1.2.2 Cement manufacturing in Nigeria.
In Nigeria, the cement manufacturing sector has been steadily growing coupled with the aggressive privatization embarked upon by the Federal Government of Nigeria. Data obtained from the Cement Manufacturers Association of Nigeria (CMAN) shows cement plants in Nigeria in Table 2.3 as at 2009.
Table 1.3 Cement plant locations, capacities and cost of installation
| Company Name | Location | Production Capacity(tonnes) | Cost of installation/Expansion(USD) |
| Lafarge WAPCO | Ewekoro | 2,000,000 | 130,000,000 |
| Lafarge WAPCO | Shagamu | 1,000,000 | NA |
| Lafage WAPCO | Lakatabu | 2,000,000 | 600,000,0000 |
| Dangote Cement Grp | Ibese | 6,000,000 | 1,020,000,000 |
| Dangote Cement Grp | Obajana | 6,000,000 | 1,200,000,000 |
| Dangote Cement Grp | Obajana | 5,000,000 | 1,000,000,000 |
| AVA Cement | Edo | 300,000 | NA |
| Benne Cement | Benue | 3,000,000 | 400,000,000 |
| Dangote Cement Grp | Benue | 1,000,000 | 200,000,000 |
| Unicem | Calabar | 2,500,000 | 840,000,000 |
| Ashaka Cement | Gombe | 1,000,000 | 150,000,000 |
Source: Bafuwa, 2011. NA = Not available.
In 2014, Nigeria became the largest cement producer and consumer of cement in the Sub-Saharan Africa region, with an estimated production capacity and consumption rate per annum of 28.3 million MT and 18 million MT respectively (Aithnard, 2014).
Dangote Cement Plc an indigenous company is the largest producer of cement in Africa with cement plants spread across the continent, followed by Lafarge Cement Plc in production capacity.

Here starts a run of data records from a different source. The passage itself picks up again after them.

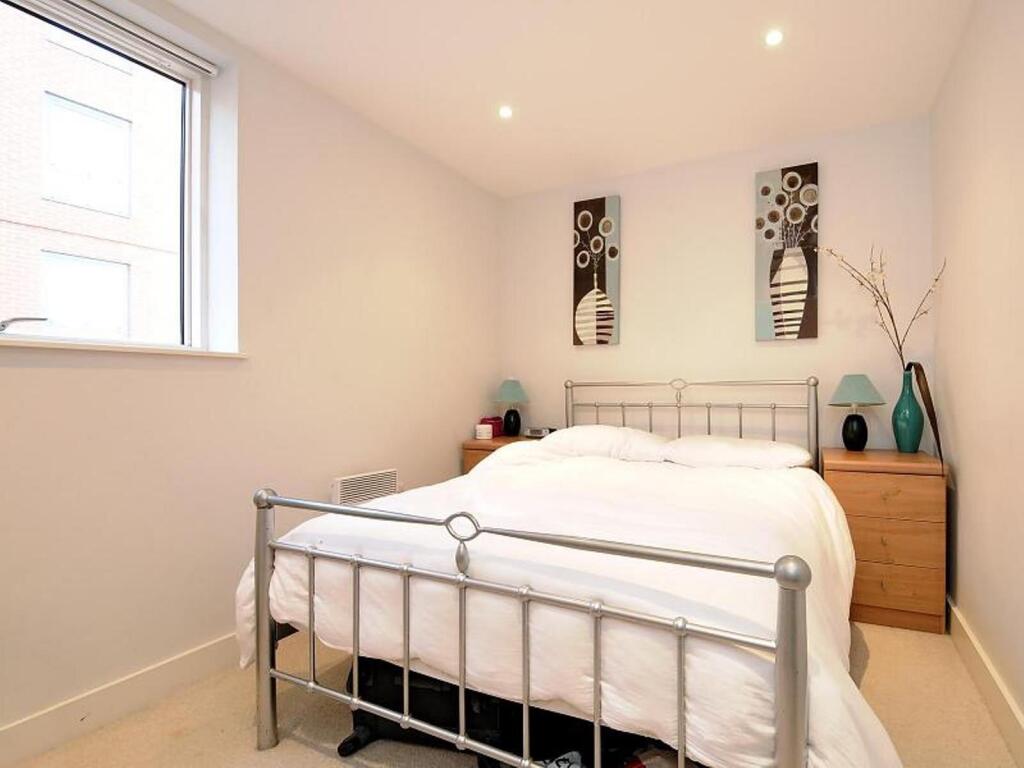 Bed 1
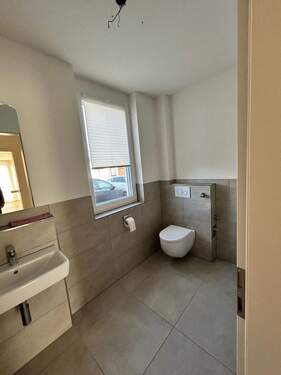 Gäste WC mit Waschmaschinen Anschluss - 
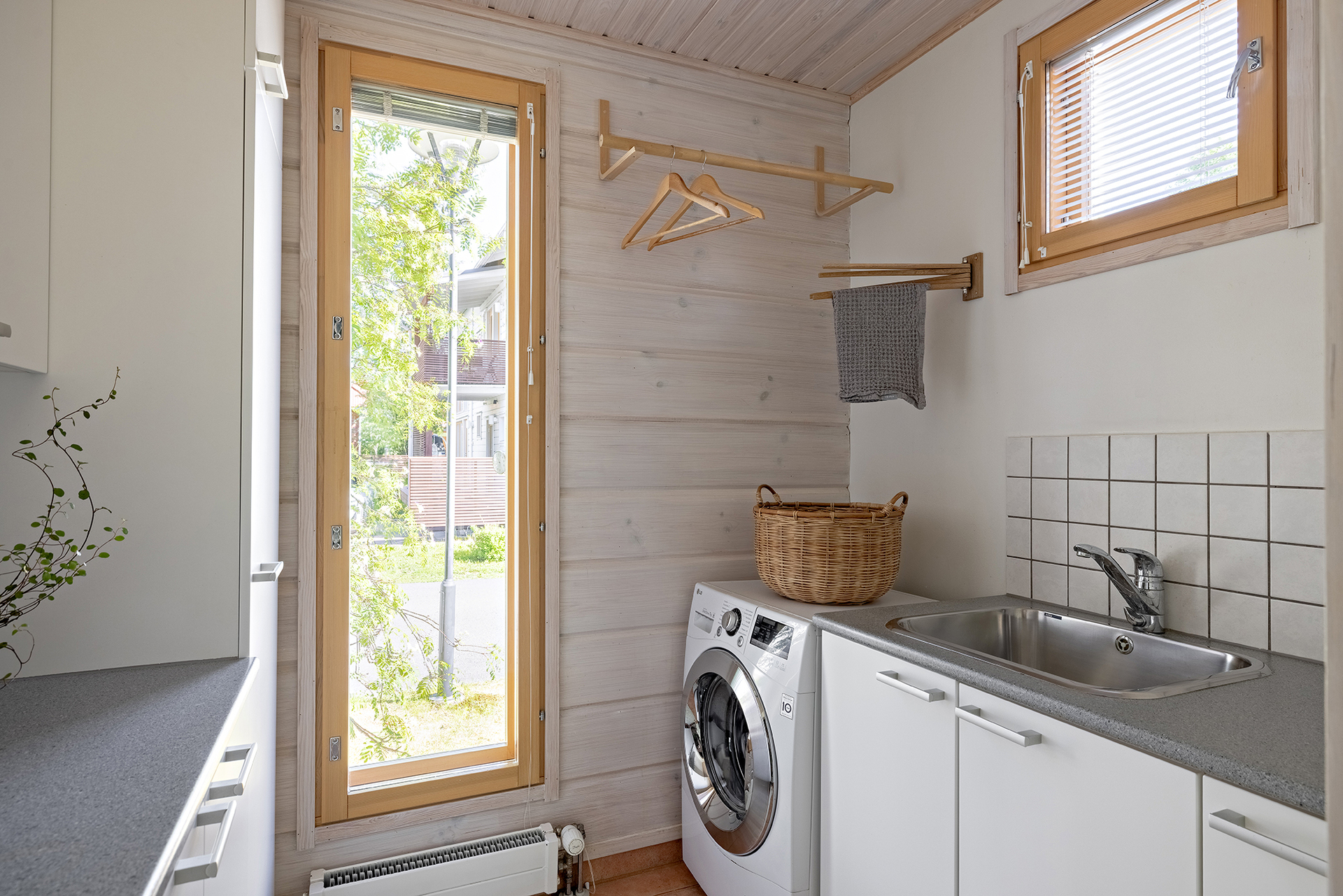 Salvostie 25, Jylkynkangas, Oulu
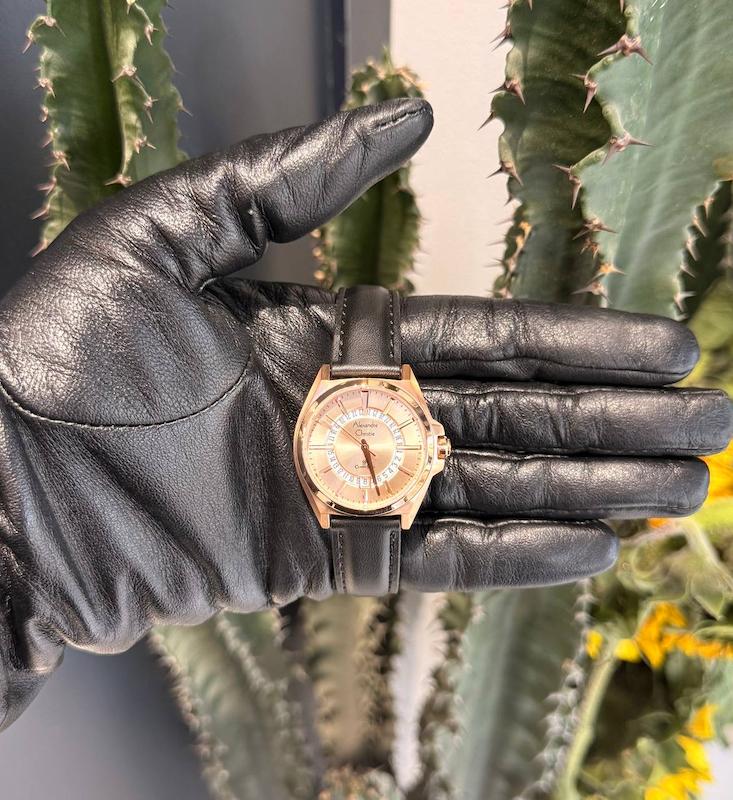 ساعت زنانه چرم الکساندر کریستی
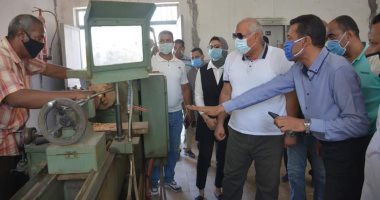 محافظ الوادى الجديد يوجه بإستغلال ورش التضامن في تأثيث منازل القري النموذجية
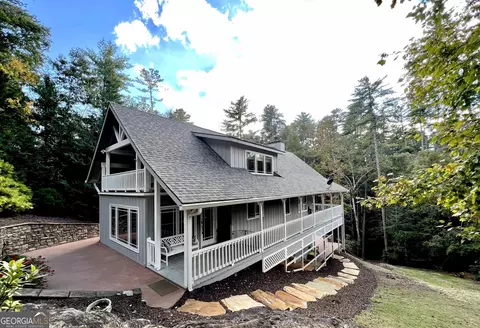 25 Little Bear Ct, Cleveland, GA 30528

Based on a report by Renaissance Capital (Sterling, 2013), a leading investment bank in Nigeria, Nigeria is set to maintain this position as investors invest over the medium term. With the current trend of investment it is predicted that cement production capacity in the country will peak in 2020 at just under 50 million tonnes per annum.
1.2.3 Cement manufacturing processes and technologies
Cement production processes were developed to achieve complete burning of cement raw materials majorly limestone (CaCO3) in a process called calcination (Worrell and Galitsky, 2004). Calcination is the process of decarbonising and sintering of limestone and other additives (shale, iron ore e.t.c) at a very high temperature usually around 1400 o C to produce clinker. Clinker is the major material used in production of cement. The calcination and sintering of limestone and other additive takes place in a kiln system and the calcination process is a huge source of GHG emission in cement production process (Huntzinger and Eatmon, 2009).

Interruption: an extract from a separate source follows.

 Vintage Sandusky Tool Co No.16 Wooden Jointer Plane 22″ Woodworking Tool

Different manufacturing technologies have been developed to achieve complete burning of limestone and other addictive, with the aim of reducing energy consumption and GHG emissions from the process. They are categorised as the wet cement manufacturing process, semi-wet/semi-dry cement manufacturing process and dry cement manufacturing process (Nisbet and VanGeem, 1997). Three of the cement manufacturing processes mentioned above are available and in full operation in Nigeria.
The differences that set the wet, semi-wet and dry cement production process apart, can be observed in cement raw material preparation method prior to calcination in the kiln. In the wet process, 27% to 38% w/w of water is added to clinker raw materials to form thick slurry and same in the semi-wet process 11% to 17% w/w of water is added to clinker raw material. The water addition is in percentage of the dry raw materials used. The dry process is based on the preparation of a fine powdered clinker raw materials through grinding, after which the raw material is dried using the exhaust of the Kiln system. The choice of the process is mainly based on the chemical homogeneity of the available raw materials (Worrell and Galitsky, 2004).

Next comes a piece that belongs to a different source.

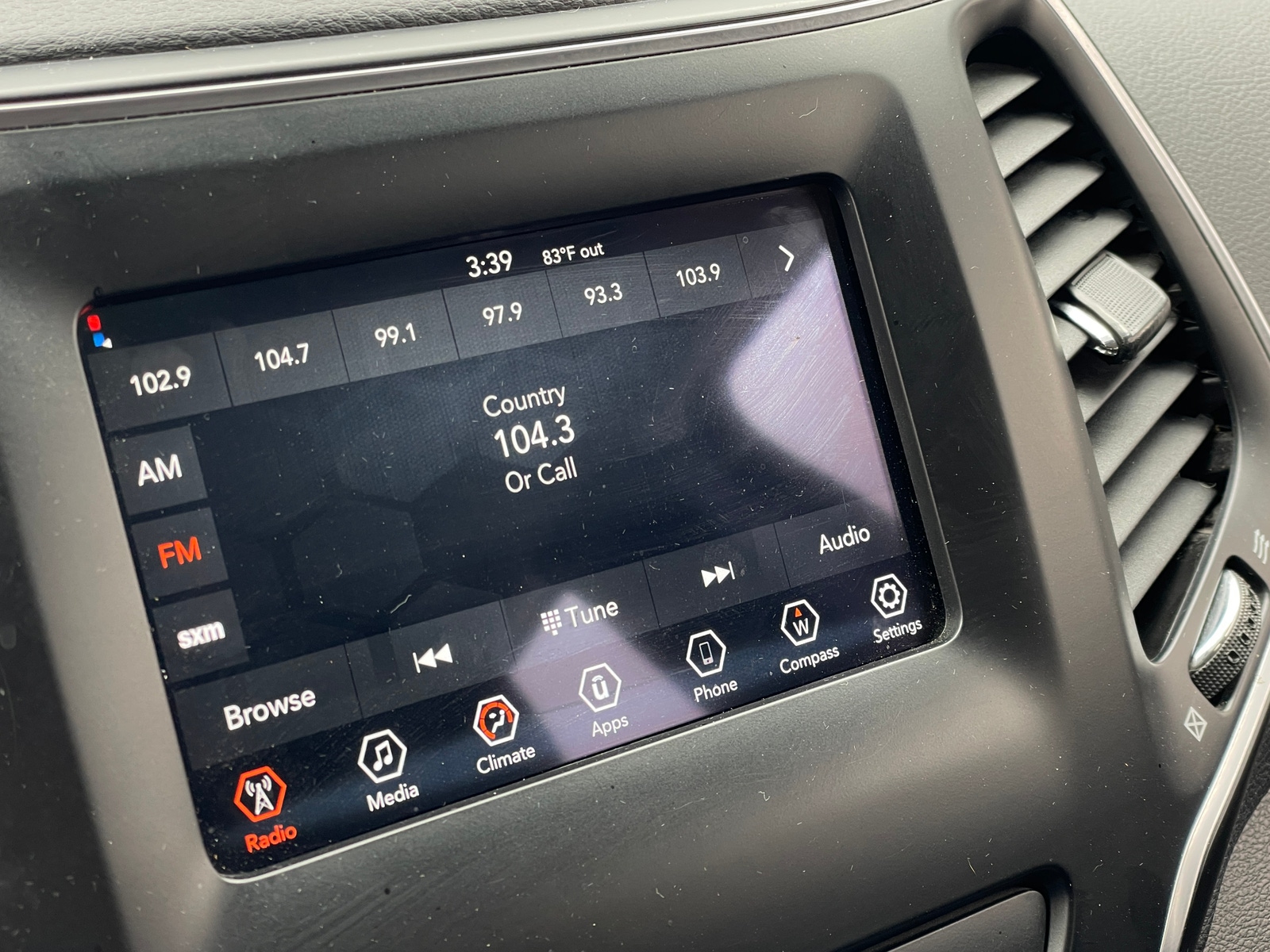 Thumbnail: 2019 Jeep Cherokee - 4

With the cement market still expanding, increase in cement production in Nigeria will invariably lead to increased energy consumption and more GHG emissions from Nigeria’s cement industry. As such, there is a need to measure, estimate, and establish current level of energy consumption and GHG emission from cement manufacturing process utilized in Nigeria. The level of energy consumption and the amount of GHG emissions from cement manufacturing processes in Nigeria, can be established through energy benchmarking and carbon footprint estimation.
Energy utilization efficiency is a major determinant of the profitability of manufacturing system (Fadare et al., 2010). Energy benchmarking serves as valuable tool for improving our understanding of energy consumption pattern of manufacturing process and helps in setting acceptable bases for comparing local energy consumption of a particular product or system to internationally established best practices (Ruth et al., 2001). GHG emission associated with the type of energy utilized by the cement manufacturing process can be estimated by establishing the carbon footprint of cement.
Carbon footprint evaluation is an effective means of measuring the Carbon Dioxide (CO2) and other GHG impact of a product, process or organization on the climate (Weidmann, 2009). According to Wu (2011), it as an indicator of climate performance, helping to identify major GHG emission sources and potential areas of improvement. When they are calculated for products, they are called product carbon footprints. The evaluation of the product, processes or organizational carbon footprints help government and environmental NGOs to set acceptable safety limits by which cement factories should operate. It also give the collective citizenry an opportunity to know the carbon content of products they consume and therefore take collective decision on production, utilization and eventual disposal of such product.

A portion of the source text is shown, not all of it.